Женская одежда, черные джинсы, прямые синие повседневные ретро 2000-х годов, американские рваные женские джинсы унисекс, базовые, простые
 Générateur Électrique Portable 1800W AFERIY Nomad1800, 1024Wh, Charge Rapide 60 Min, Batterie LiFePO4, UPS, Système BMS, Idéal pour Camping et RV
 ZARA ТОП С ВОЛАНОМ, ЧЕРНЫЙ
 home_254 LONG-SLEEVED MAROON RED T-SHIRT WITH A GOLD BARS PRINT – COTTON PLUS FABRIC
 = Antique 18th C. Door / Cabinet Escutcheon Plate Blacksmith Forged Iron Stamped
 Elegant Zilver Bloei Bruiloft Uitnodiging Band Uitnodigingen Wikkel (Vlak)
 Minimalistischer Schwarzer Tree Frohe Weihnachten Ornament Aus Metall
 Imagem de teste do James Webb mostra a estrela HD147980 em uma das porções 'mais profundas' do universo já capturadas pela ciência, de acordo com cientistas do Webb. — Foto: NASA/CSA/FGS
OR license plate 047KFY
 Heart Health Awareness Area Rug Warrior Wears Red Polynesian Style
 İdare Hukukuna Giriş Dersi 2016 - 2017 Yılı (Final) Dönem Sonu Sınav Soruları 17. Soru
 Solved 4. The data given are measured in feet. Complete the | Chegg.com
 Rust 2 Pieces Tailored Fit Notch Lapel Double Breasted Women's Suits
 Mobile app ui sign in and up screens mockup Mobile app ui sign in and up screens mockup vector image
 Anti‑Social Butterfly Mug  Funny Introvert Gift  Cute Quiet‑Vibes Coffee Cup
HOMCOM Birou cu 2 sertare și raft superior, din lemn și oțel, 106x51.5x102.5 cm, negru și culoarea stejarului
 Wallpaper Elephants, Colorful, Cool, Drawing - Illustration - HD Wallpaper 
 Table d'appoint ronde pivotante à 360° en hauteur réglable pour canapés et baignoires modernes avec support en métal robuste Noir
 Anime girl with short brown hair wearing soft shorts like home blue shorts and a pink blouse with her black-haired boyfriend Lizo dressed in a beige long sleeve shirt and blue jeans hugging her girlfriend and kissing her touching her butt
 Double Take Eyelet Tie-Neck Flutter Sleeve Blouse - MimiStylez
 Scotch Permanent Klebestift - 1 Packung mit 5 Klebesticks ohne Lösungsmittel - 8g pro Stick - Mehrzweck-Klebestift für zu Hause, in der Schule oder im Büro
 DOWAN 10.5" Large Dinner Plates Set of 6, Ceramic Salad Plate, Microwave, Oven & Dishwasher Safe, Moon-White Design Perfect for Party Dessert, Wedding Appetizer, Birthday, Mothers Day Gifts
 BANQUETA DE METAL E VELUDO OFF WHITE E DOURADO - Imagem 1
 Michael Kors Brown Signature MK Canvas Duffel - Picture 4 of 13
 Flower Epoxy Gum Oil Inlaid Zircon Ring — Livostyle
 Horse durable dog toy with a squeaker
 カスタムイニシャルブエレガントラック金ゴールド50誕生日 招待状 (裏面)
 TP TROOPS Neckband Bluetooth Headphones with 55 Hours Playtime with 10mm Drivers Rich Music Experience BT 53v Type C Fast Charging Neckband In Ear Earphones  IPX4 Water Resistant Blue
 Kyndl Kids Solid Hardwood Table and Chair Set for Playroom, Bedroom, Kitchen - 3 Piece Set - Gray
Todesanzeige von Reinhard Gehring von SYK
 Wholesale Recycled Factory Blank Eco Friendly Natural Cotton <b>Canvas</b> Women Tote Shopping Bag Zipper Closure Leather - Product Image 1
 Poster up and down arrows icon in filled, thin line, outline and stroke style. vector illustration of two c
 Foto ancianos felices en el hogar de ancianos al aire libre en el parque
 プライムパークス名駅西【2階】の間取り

===============

#### Exercise brief
Reproduce only the lines between the line containing "Wholesale Recycled Factory" and the last line of the records, those two lines included, exactly.

#### The completed task
 Wholesale Recycled Factory Blank Eco Friendly Natural Cotton <b>Canvas</b> Women Tote Shopping Bag Zipper Closure Leather - Product Image 1
 Poster up and down arrows icon in filled, thin line, outline and stroke style. vector illustration of two c
 Foto ancianos felices en el hogar de ancianos al aire libre en el parque
 プライムパークス名駅西【2階】の間取り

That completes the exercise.